DIRECTIONS FOR THIS TASK
Your answer must be the lines from the one containing "2023 Ford Transit" through the last line of the records below, copied exactly, with the pictures left out.

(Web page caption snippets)
* * *
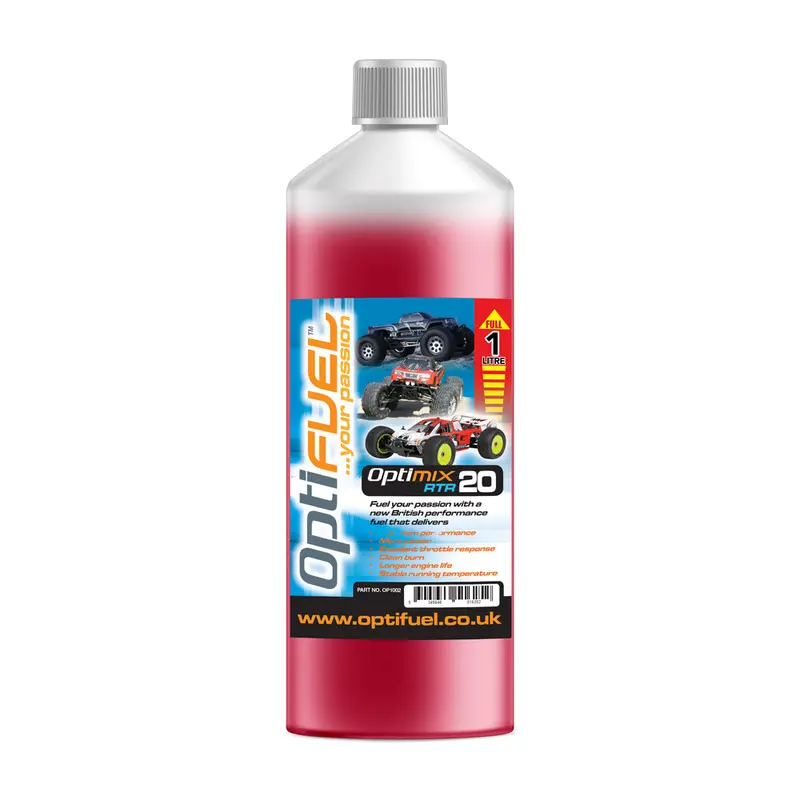 Optimix Rtr 20% Nitro Fuel - 1L 1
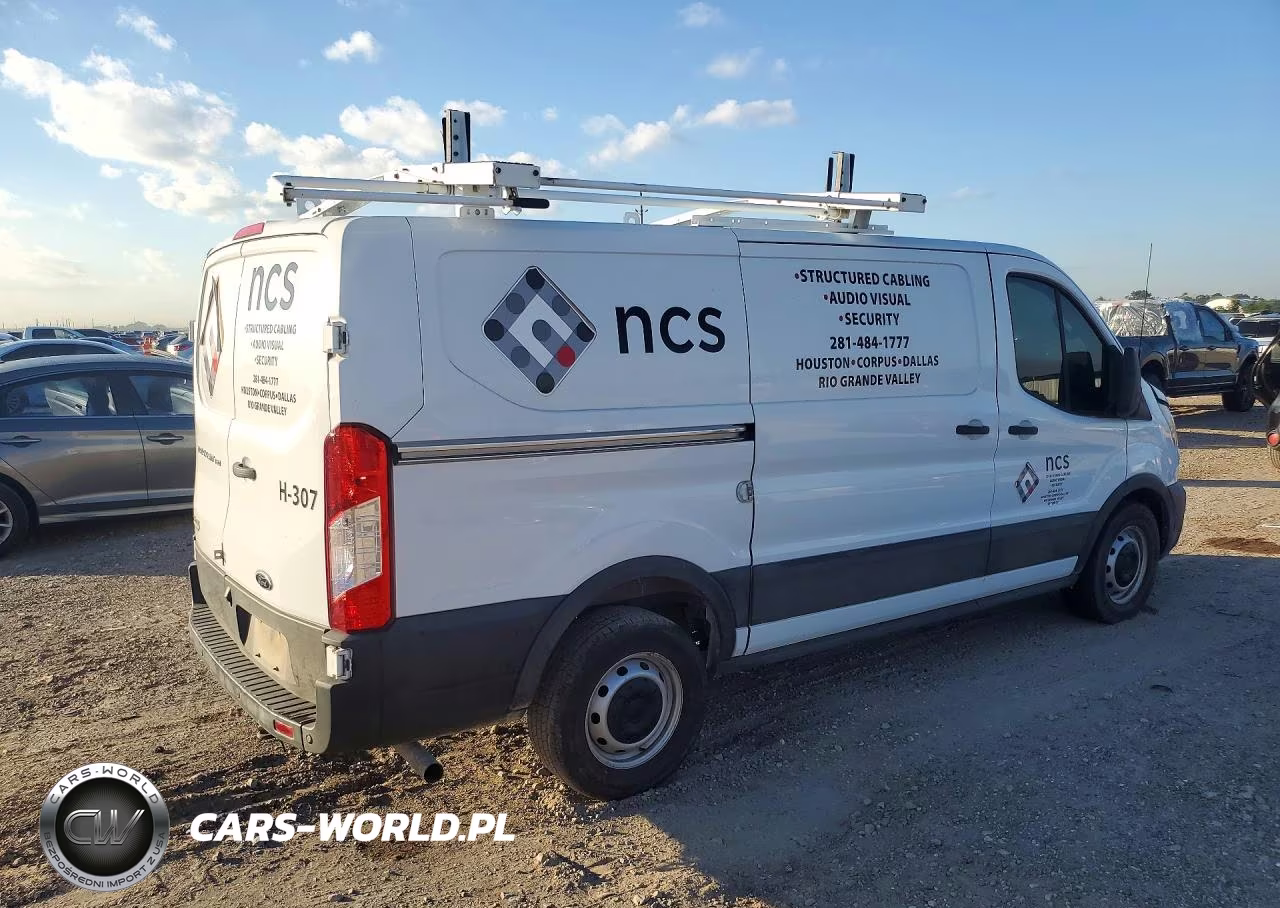 2023 Ford Transit T-150 VIN:1FTYE1Y83PKA47574 - 3
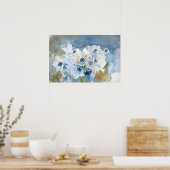 Blume von Vrubel Poster (Küche)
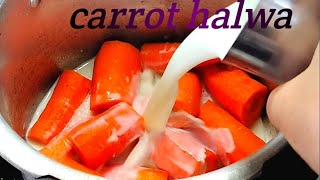 carrot halwa recipe Tamil how to make carrot halwa tamil [upl. by Yrtsed]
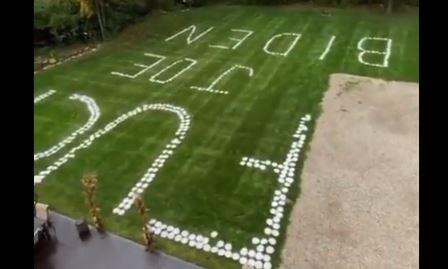 fuck joe biden upside down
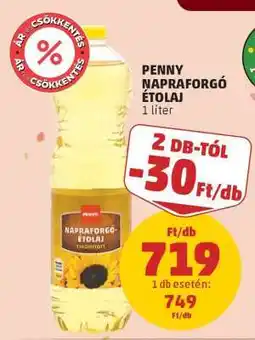 PENNY PENNY NAPRAFORGÓ ÉTOLAJ ajánlat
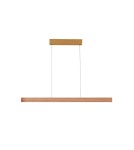 Pendant lamps over the island - Azzardo OLIVIER 120 3000K DIMM (10W+40W) WO Pendant with Dimmable AZ5106 - product 1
* * *
OUTPUT OF THE TASK
 2023 Ford Transit T-150 VIN:1FTYE1Y83PKA47574 - 3
 Blume von Vrubel Poster (Küche)
 carrot halwa recipe Tamil how to make carrot halwa tamil [upl. by Yrtsed]
 fuck joe biden upside down
 PENNY PENNY NAPRAFORGÓ ÉTOLAJ ajánlat
 Pendant lamps over the island - Azzardo OLIVIER 120 3000K DIMM (10W+40W) WO Pendant with Dimmable AZ5106 - product 1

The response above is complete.